> [What the task asks] Write out exactly the lines of the entries below from the one holding "Nouvelles Boucles d'Oreilles" to the one holding "Entergate Apartment *", inclusive, and leave out all other lines.

BEGIN Data to examine

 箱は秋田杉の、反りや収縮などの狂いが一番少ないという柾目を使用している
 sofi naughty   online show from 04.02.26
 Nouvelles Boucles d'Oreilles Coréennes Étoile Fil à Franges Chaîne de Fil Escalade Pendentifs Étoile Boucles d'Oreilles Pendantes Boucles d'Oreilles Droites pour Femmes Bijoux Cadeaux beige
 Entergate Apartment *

END Data to examine
BEGIN Data to examine

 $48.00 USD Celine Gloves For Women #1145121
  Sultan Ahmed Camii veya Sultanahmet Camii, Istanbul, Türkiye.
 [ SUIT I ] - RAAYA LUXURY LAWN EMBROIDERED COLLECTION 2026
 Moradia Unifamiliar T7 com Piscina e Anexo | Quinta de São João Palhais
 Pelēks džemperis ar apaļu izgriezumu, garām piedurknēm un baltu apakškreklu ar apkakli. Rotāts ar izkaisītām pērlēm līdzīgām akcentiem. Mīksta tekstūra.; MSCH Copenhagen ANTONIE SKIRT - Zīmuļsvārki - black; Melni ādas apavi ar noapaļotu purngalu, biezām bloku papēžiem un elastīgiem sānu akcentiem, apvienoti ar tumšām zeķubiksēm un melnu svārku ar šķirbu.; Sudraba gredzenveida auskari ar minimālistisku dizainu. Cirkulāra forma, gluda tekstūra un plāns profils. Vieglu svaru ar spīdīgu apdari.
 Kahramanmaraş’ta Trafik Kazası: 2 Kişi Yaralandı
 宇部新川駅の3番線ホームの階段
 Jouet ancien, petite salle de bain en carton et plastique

END Data to examine
BEGIN Data to examine

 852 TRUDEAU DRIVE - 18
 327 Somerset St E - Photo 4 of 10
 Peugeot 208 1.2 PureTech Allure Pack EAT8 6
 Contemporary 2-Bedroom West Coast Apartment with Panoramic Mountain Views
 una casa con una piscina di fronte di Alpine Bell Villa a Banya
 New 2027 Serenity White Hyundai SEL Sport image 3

END Data to examine

> [Response]
 Nouvelles Boucles d'Oreilles Coréennes Étoile Fil à Franges Chaîne de Fil Escalade Pendentifs Étoile Boucles d'Oreilles Pendantes Boucles d'Oreilles Droites pour Femmes Bijoux Cadeaux beige
 Entergate Apartment *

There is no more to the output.